Start of Excerpted data

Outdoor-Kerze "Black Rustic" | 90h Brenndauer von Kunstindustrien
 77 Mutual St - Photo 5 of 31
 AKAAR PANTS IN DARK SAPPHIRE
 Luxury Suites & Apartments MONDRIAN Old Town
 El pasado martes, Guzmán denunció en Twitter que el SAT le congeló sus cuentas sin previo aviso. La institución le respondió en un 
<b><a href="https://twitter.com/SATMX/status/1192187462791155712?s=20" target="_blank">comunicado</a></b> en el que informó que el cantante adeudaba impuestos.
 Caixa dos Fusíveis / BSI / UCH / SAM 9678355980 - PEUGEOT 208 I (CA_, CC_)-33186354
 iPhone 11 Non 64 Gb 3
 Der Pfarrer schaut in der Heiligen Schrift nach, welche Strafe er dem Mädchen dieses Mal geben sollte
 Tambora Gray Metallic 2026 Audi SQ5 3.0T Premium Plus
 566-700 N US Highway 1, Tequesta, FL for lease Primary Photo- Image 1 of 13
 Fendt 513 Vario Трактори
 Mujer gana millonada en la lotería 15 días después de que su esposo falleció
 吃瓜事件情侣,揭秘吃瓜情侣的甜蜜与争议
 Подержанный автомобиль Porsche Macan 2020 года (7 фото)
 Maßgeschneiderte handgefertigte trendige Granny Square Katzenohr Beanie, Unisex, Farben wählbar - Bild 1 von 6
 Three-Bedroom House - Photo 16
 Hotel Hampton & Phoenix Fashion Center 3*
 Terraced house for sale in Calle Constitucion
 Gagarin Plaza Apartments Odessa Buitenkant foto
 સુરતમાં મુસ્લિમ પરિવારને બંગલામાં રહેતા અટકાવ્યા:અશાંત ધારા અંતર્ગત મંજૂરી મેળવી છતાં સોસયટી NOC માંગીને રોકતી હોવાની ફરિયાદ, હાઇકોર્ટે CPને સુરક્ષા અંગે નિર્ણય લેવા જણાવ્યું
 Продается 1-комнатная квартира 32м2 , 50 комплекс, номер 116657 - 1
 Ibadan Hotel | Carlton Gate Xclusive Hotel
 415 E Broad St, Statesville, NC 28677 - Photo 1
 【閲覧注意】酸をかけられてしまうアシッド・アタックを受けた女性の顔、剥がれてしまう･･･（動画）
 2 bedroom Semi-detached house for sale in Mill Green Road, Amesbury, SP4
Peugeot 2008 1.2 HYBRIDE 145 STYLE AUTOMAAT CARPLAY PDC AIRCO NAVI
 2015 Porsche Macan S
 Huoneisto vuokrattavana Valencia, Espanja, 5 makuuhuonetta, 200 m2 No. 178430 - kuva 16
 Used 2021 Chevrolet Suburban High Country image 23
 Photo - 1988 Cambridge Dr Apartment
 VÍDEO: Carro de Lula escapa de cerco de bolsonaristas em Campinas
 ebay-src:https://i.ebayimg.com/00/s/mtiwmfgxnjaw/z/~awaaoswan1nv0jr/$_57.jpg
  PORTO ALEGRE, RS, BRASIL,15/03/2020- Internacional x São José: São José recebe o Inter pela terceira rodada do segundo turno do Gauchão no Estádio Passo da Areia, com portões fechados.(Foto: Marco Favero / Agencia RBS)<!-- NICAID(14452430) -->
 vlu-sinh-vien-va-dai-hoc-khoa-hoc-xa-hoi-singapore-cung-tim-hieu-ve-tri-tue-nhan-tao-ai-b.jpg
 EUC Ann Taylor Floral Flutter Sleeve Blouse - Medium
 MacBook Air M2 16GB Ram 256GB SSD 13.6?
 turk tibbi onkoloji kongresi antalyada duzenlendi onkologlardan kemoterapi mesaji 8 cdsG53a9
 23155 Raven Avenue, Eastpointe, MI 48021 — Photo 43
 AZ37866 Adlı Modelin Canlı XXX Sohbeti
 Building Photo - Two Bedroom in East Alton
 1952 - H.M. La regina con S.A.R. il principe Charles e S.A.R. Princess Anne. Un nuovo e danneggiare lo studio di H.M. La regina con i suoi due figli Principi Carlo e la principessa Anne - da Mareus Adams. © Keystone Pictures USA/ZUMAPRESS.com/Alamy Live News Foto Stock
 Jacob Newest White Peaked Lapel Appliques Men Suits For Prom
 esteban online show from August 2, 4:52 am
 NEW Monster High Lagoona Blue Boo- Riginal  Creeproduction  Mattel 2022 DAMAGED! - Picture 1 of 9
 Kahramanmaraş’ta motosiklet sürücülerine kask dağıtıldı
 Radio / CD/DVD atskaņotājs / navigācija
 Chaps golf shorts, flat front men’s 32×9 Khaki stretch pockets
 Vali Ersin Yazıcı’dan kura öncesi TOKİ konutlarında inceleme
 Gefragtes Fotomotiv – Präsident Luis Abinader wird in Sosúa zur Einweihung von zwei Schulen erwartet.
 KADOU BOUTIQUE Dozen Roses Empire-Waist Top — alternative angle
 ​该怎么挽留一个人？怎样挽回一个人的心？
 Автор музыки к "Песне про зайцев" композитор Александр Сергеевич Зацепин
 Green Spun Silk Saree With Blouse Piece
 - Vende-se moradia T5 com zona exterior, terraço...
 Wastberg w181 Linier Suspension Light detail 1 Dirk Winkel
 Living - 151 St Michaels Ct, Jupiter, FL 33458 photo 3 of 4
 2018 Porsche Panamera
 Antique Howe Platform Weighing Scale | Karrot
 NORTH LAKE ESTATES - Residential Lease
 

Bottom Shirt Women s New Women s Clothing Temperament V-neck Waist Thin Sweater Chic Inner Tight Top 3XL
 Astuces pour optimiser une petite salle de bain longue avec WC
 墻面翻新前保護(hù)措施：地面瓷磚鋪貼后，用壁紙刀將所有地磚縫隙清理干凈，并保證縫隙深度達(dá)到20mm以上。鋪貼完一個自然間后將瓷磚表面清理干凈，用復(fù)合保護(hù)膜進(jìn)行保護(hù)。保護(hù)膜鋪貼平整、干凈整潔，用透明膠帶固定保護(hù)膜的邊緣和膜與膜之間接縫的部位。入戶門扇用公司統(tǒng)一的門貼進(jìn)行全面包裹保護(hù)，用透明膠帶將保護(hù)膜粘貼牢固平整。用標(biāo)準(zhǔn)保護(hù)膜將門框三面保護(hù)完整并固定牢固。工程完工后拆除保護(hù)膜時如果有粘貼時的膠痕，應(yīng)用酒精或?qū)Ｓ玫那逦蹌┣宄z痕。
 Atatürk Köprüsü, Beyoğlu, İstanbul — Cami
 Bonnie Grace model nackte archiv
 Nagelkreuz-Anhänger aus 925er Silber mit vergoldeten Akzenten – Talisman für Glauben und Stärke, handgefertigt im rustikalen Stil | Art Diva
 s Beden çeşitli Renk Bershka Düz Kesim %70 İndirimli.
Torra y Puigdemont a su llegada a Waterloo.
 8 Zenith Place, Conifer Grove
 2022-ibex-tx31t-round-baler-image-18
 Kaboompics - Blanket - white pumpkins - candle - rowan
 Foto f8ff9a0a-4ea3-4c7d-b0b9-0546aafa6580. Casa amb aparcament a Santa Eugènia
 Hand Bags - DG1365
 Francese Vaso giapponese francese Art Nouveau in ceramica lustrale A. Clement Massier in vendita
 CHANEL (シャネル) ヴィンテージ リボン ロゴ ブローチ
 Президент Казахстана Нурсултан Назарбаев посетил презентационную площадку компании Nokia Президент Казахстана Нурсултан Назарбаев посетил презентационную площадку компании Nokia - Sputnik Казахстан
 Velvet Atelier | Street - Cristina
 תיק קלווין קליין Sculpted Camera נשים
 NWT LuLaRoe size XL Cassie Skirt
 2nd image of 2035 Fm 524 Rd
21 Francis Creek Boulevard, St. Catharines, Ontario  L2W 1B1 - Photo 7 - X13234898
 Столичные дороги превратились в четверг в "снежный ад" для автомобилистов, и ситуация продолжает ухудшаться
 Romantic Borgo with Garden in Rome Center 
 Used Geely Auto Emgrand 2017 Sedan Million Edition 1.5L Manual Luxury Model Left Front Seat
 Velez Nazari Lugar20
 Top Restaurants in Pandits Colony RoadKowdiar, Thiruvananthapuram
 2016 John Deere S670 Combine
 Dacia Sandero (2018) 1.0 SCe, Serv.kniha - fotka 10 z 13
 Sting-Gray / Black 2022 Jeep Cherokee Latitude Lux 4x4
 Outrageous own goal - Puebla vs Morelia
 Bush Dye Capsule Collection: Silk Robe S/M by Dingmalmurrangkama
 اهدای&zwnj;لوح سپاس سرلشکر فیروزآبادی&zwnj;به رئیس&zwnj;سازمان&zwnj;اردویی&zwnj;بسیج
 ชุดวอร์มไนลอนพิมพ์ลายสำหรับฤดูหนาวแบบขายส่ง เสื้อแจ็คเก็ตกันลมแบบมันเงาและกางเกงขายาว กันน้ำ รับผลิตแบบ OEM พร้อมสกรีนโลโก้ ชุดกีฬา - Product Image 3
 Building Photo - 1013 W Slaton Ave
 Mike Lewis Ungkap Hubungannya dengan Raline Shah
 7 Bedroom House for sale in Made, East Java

End of Excerpted data

Task goal — For each line above that contains the word "Blouse", make a copy.

Reply —
 EUC Ann Taylor Floral Flutter Sleeve Blouse - Medium
 Green Spun Silk Saree With Blouse Piece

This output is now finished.